Just a couple of days ago, a friend of mine was explaining to me how a couple of school bus drivers in Casablanca took a civic initiative to makeover a busy rotary space close to the school they serve, into a green charming space. It used to be an eye sore trash damp. The move somehow played a domino effect to some extend and a few neighbors near the rotary started cleaning the pavements outside their homes and doing something about keeping the neighborhood looking tidy. It's a beautiful story without a doubt. My question simply is how long would it last? Robert Fisk has an interesting take on this topic. I thought this was an outstanding statement and analysis by him in the Independent. What he pointed, I always took for granted but never pondered why it is the way it is. Although he usually mentions Arabs, Iranians and the Middle east and never Morocco, I assume he counts it in the mix. So to me, his views and analysis apply to Morocco as much as they apply to the Middle East.
It's a pleasure to read Robert once again. The entire article is worth reading.
"[...] Arab homes are spotlessly clean but their streets are often repulsive, dirt and ordure spilling onto the pavements.
Even in beautiful Lebanon, where a kind of democracy does exist and whose people are among the most educated and cultured in the Middle East, you find a similar phenomenon. In the rough hill villages of the south, the same cleanliness exists in every home. But why are the streets and the hills so dirty?
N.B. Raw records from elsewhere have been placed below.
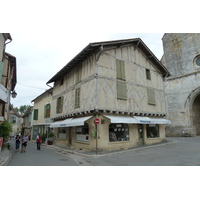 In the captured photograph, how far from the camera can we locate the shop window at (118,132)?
11.0 metres

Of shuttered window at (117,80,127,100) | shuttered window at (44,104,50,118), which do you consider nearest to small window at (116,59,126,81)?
shuttered window at (117,80,127,100)

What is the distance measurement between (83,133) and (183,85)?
16.8 metres

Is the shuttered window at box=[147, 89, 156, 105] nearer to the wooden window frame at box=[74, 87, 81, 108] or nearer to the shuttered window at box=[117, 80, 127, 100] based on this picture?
the shuttered window at box=[117, 80, 127, 100]

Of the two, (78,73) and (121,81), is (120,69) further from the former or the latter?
(78,73)

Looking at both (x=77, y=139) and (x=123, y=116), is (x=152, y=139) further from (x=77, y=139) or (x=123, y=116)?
(x=77, y=139)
I suspect that a real problem exists in the mind of Arabs; they do not feel that they own their countries. Constantly coaxed into effusions of enthusiasm for Arab or national 'unity', I think they do not feel that sense of belonging which Westerners feel. Unable, for the most part, to elect real representatives -- even in Lebanon, outside the tribal or sectarian context -- they feel 'ruled over'. The street, the country as a physical entity, belongs to someone else. And of course, the moment a movement comes along and -- even worse -- becomes popular, emergency laws are introduced to make these movements illegal or 'terrorist'. Thus it is always someone else's responsibility to look after the gardens and the hills and the streets.
And those who work within the state system -- who work directly for the state and its corrupt autarchies -- also feel that their existence depends on the same corruption upon which the state itself thrives. The people become part of the corruption."